The problem with Hollywood horror movies these days is that they simply don’t scare us. Short of stealing from Japan, Thailand and South Korea or using surveillance camera footage of people moving with demonic speed, they make us laugh more often than lurch in our seats. Similarly, alien invasion flicks of late have been appalling, largely because of the silliness of the way the aliens look. Well, this prequel to John Carpenter’s 1982 film of the same name gets it right, delivering an unexpected bit of terror.
It’s 1982, and Norwegian researchers in Antarctica discover a massive spacecraft and an alien specimen that arrived with it, now encased in ice. Dr. Sander Halversen (Ulrich Thomsen) leads a team, which includes paleontologist Kate Lloyd (Mary Elizabeth Winstead, looking nothing like her Manic Pixie Dream Girl character in Scott Pilgrim vs. the World) and helicopter pilot Sam Carter (Joel Edgerton), to study it. When they bring the alien back to their base, it unexpectedly reanimates and goes on a rampage. They realize that it has the power to replicate life forms, and that any one of them could be the alien in disguise. Paranoia sets in as they fight off the menace and each other.

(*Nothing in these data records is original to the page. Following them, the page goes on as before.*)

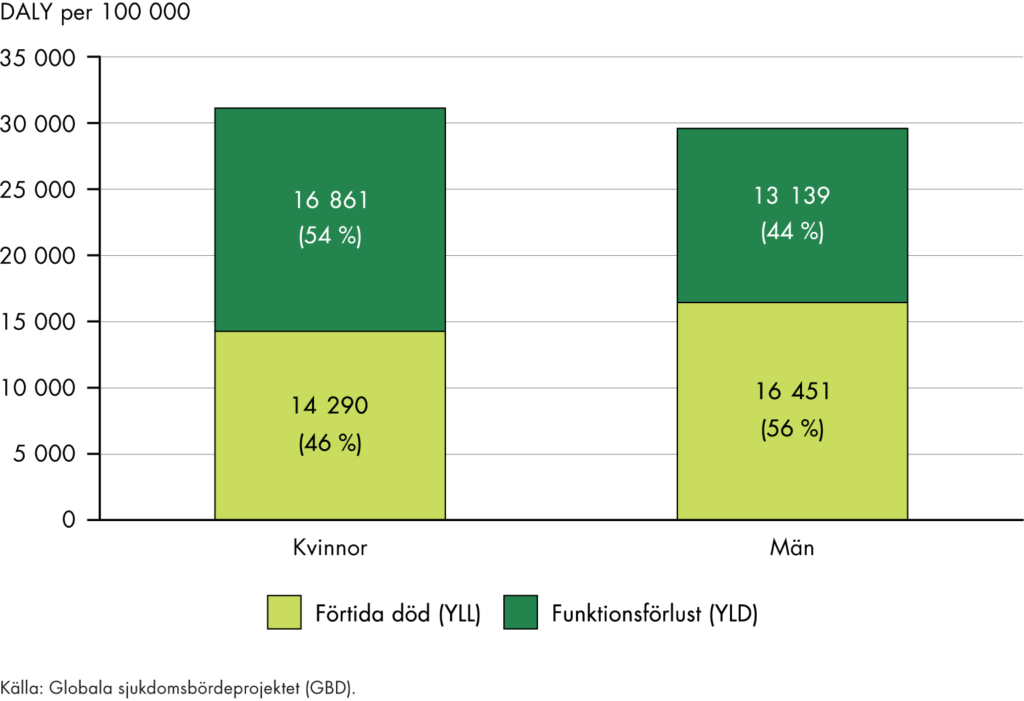 Kvinnors sjukdomsbörda består till 54 procent av funktionsförlust och 46 procent av förtida död. Mäns sjukdomsbörda består till 44 procent av funktionsförlust och 56 procent av förtida död.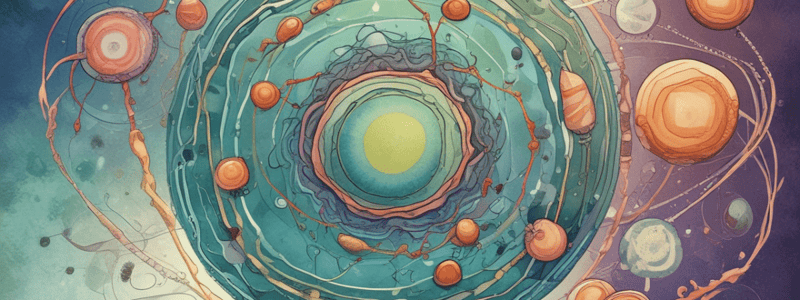 Cell Cycle: Mitosis Stages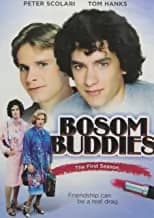 Bosom Buddies: The 1st Season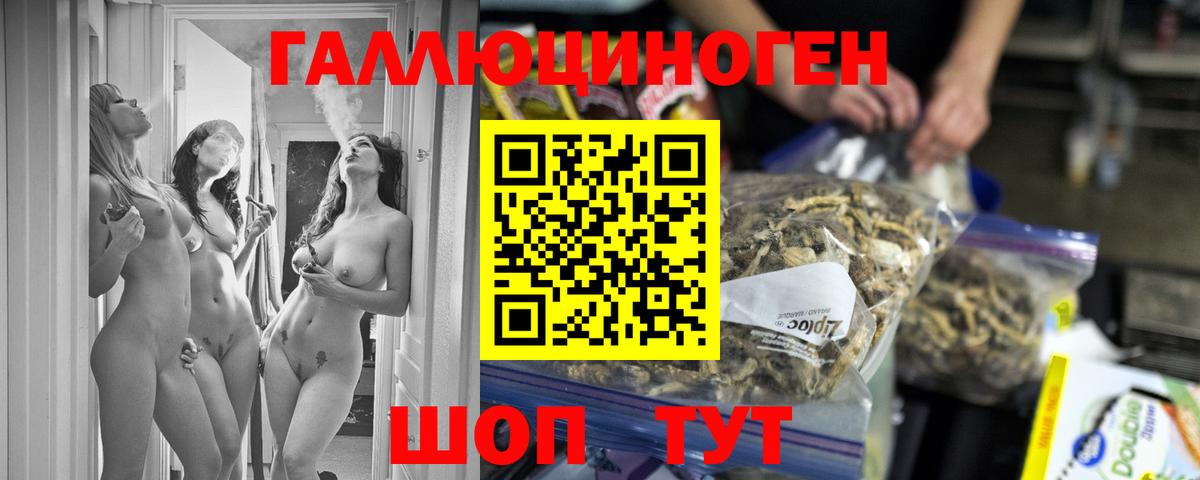 Кувандык  Галлюциногенные грибы Psilocybine cubensis  Вход с VPN 
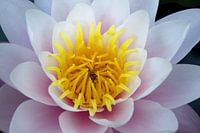 water lily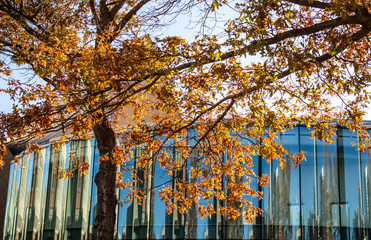 Autumn yellow trees and glass building with reflections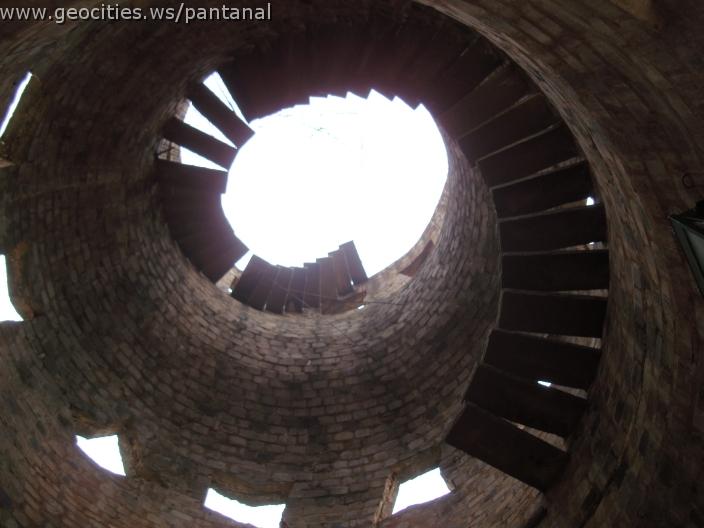 090_geocities_ws_pantanal.jpg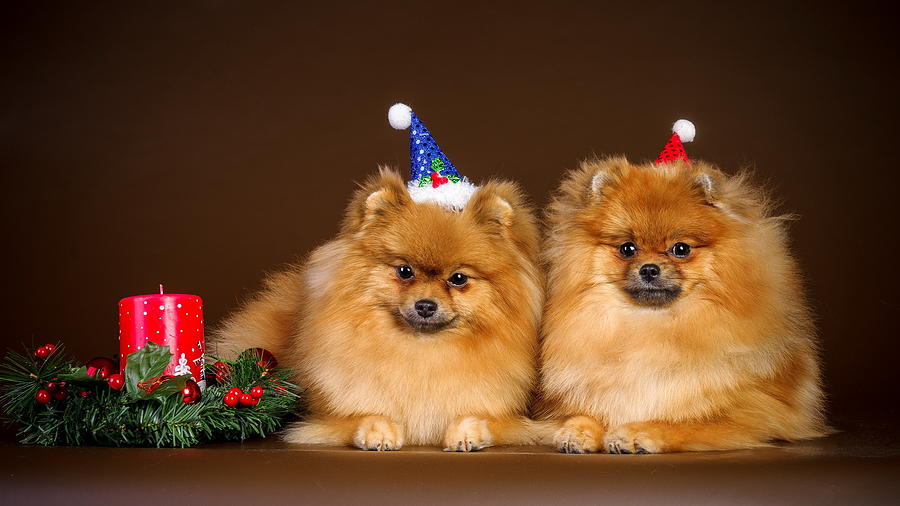 Cute Christmas Dogs  Photograph by Doc Braham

The Thing is a film designed to scare and does little else. Characterization is scarce, the only attempt at making it seem like it’s 1982 is a Men at Work song playing on the radio and it probably adds very little to the original film. What it succeeds in doing is keep you constantly on edge as you try to figure out how it’s going to unfold.
Much of the fear it generates comes from the rendering of The Thing. Without giving too much away, it borrows from supernatural and zombie horror in a way that will leave many using their cardigans as eye shields. Also, it is ridiculously loud—they really turn it to 11 in this film and the decibel level alone is enough to make your hairs stand on end.
Beyond that, The Thing is generally interesting and cliché-free (the black guy doesn’t die first, for one thing). It’s suspenseful and shows that successful horror doesn’t always have to involve Asian women with powdered faces.